* TASK DIRECTIONS
Please give back the listing below word for word, without the images.

* RECORDED INFORMATION
________________________________________
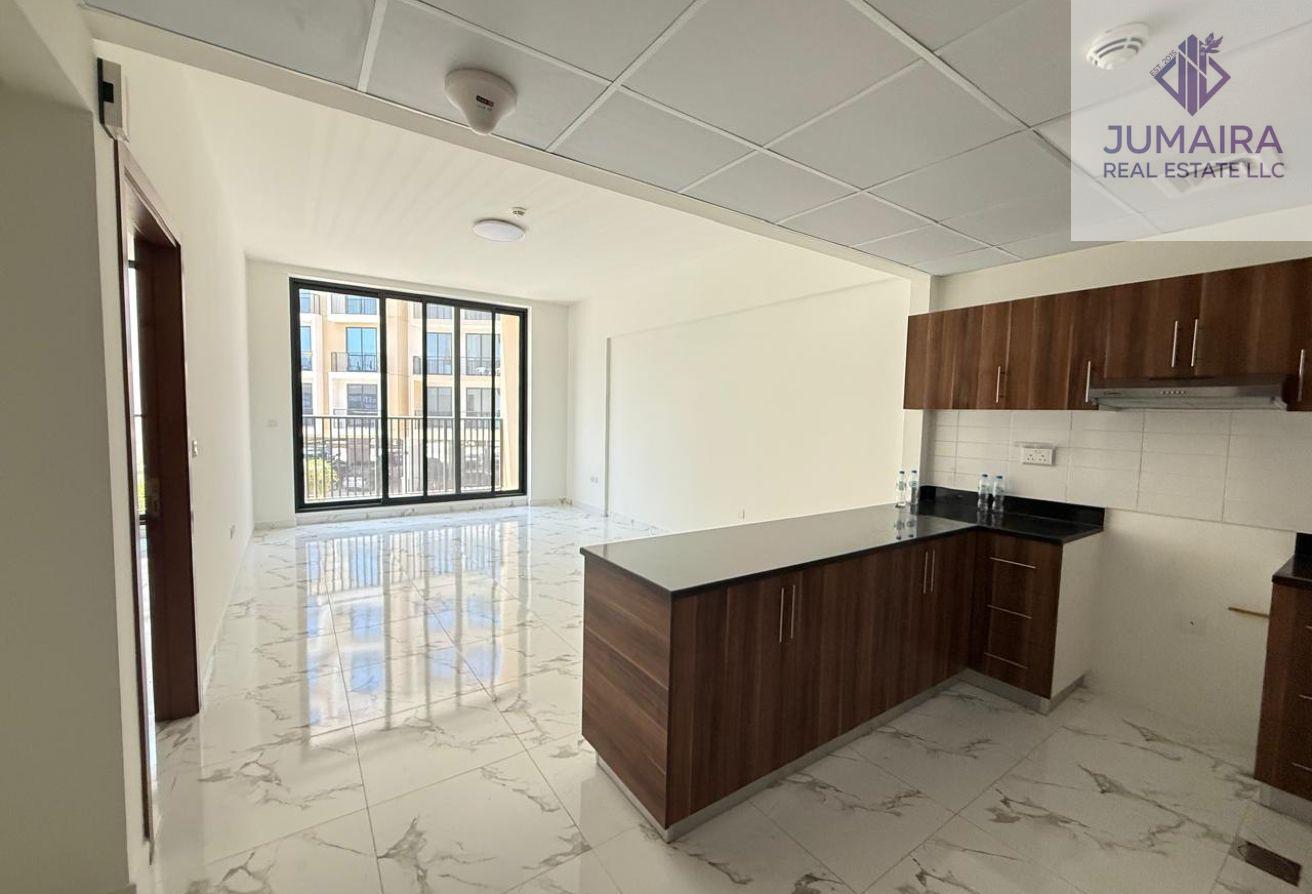 Elegant 1BR Apartment | East Marina
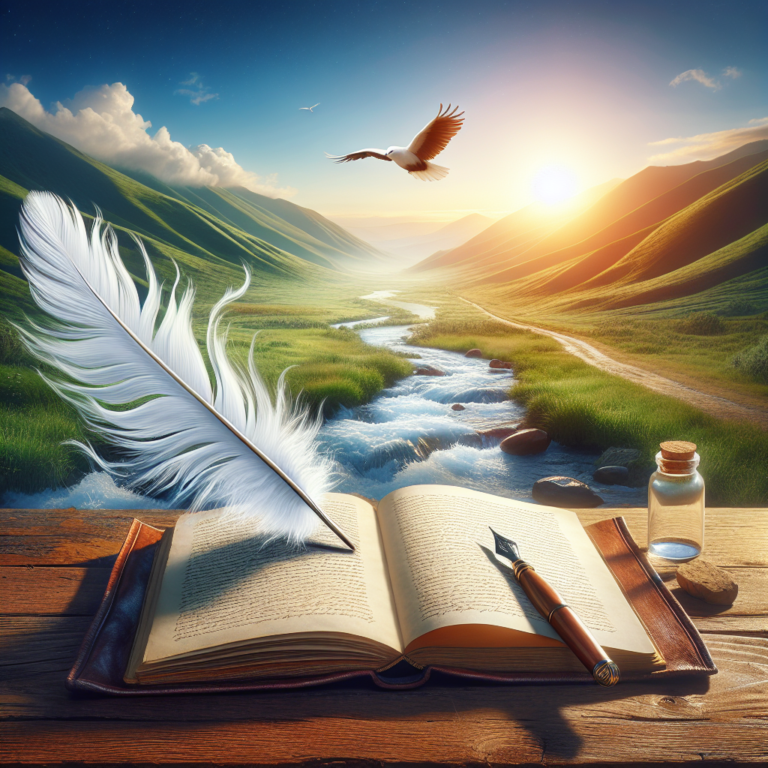 The Power of Journaling: A Mental Reset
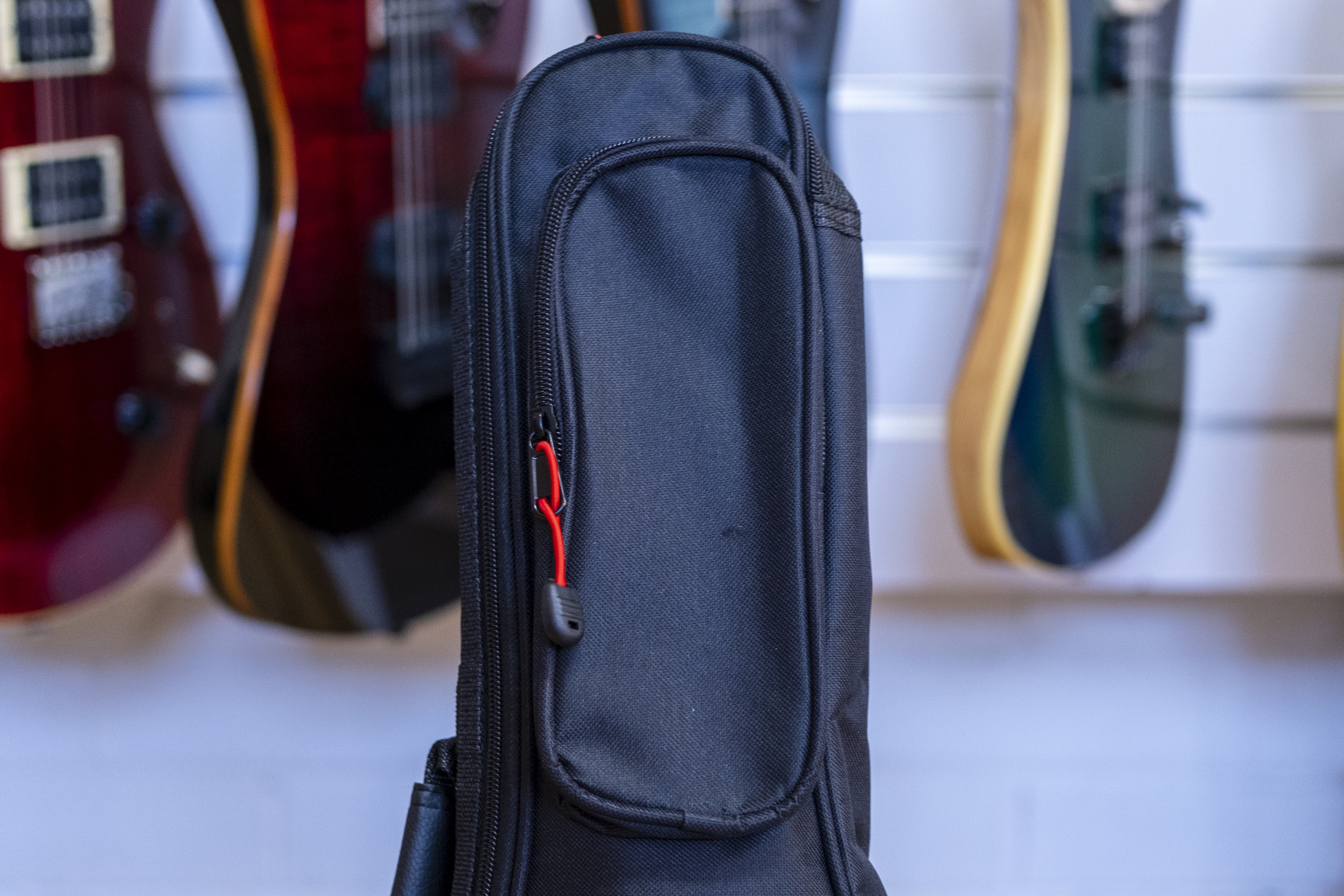 Underdog Guitars Soprano Ukulele Gig Bag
________________________________________
* SOLUTION FOR THIS PROBLEM
 Elegant 1BR Apartment | East Marina
 The Power of Journaling: A Mental Reset
 Underdog Guitars Soprano Ukulele Gig Bag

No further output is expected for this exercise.